Work

EXPERIMENTS

During the Cambridge years a chance viewing of one of Man Ray’s solarised photographs lead to experiments with this technique and others including rayographs and multiples exposures. Remarkable images were created, by both Helen and Lettice Ramsey. Helen produced an outstanding series of pictures of mother and daughter, Hilda and Mary Spencer Watson who performed exotic dance tableaux in Purbeck. She also took portraits of the artist, Paul Nash and a solarised photograph of his friend, the surrealist artist, Eileen Agar, became one of her most iconic images.

Hilda and Mary Spencer Watson performance c 1932
Hilda and Mary Spencer Watson performance c 1932 (Helen Muspratt)
‘David Brynley, solarised portrait c1933 (Helen Muspratt)
David Brynley, solarised portrait c1933 (Helen Muspratt)

DOCUMENTARY

At Cambridge, Helen became increasingly interested in left wing politics and in 1936 undertook a six-week tour of the Soviet Union. The photographs were turned into film slides, which Helen showed at countless meetings around the country, especially during the war when the Russians were our allies. A similar visit to the mining valleys of South Wales followed and it looked as though she might have made a career as a documentary photographer.
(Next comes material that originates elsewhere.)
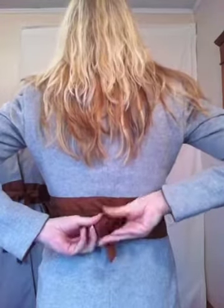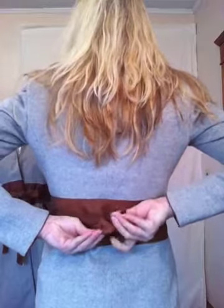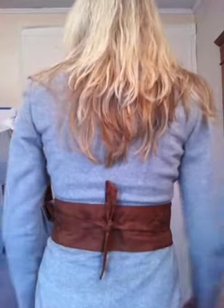You can undo the bow, undo it all the way, wrap it up again, and then bring both of the sashes straight around and do the obi sash in the back — a simple bow. You can have your partner or your husband do that up, possibly, but it's very easy to do.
Unemployed S Wales miners 1937 (Helen Muspratt)
Unemployed S Wales miners 1937 (Helen Muspratt)
‘Kharkov Market 1936 (Helen Muspratt)
Kharkov Market 1936 (Helen Muspratt)

PORTRAITURE

Pressures of work and family life left little time for experimentation and documentary work but Helen became established in Oxford as a remarkable portrait photographer. Many of her subjects were from the university and became well known in later life. They included Lord Beveridge, Dorothy Hodgkin, Lady Betjeman, Alistaire Cooke, Magnus Magnusson and many others. She continued to express her visual talent with enduring portraits, always carefully considered, posed and lit.